EXPLANATION OF COSTS:

The trip has been broken into three x 7 hour blocks with stops at Singapore and Dubai. These stops will be necessary to recover from the onslaught of EMR and EMF (in spectacularly high levels on the airplane) and sensory overload of being in the outside world. I will be staying locked up in the hotel all day and night under my protective canopy and having my anti-radiation baths and gathering physical and emotional strength to continue with the next part of trip to ensure I make it alive. Physically I really need to fly business class, because I am at high risk of DV Thrombosis and economy doesn’t let me put up my feet (safer for DV Thrombosis). I will have an oxygen tank with me and economy doesn’t have as much clearance in regard to mobile phone exposure. My noise sensitivity would be unbearable and I can’t wear headphones for this as my nervous system infection is completely out of control and they cause immediate pain and throbbing in my ears and non-stop migraines.

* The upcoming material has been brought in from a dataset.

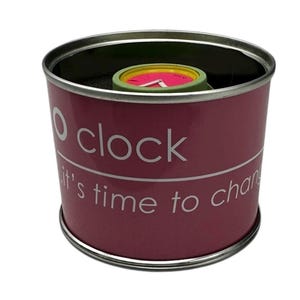 Pu&ograve; includere: Una scatola cilindrica rosa con un coperchio argentato. La scatola ha il testo "O clock it's time to change" stampato su di essa. All'interno della scatola c'&egrave; un orologio verde e rosa.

This may be hard to understand but this trip will be the scariest experiences of my life, but I don’t have a choice if I want to get my life back. Most likely I will need to be sedated and require a nurse. PLEASE STAY TUNED FOR A LIST OF MALAYSIAN TRIP COSTS. It will probably end up being similar as I need a travelling companion/carer or nurse at all times. I need to be transported in wheelchair and on stretcher and sedated on plane and cannot communicate well or at all. Great difficulty most of the time in reading, writing, talking, typing and using hands, etc. When I get back from Germany/Malaysia there will be more challenges to overcome, most importantly that I will more than likely permanently lose the use of one of my arms for at least a year (how they react to IV and blood tests).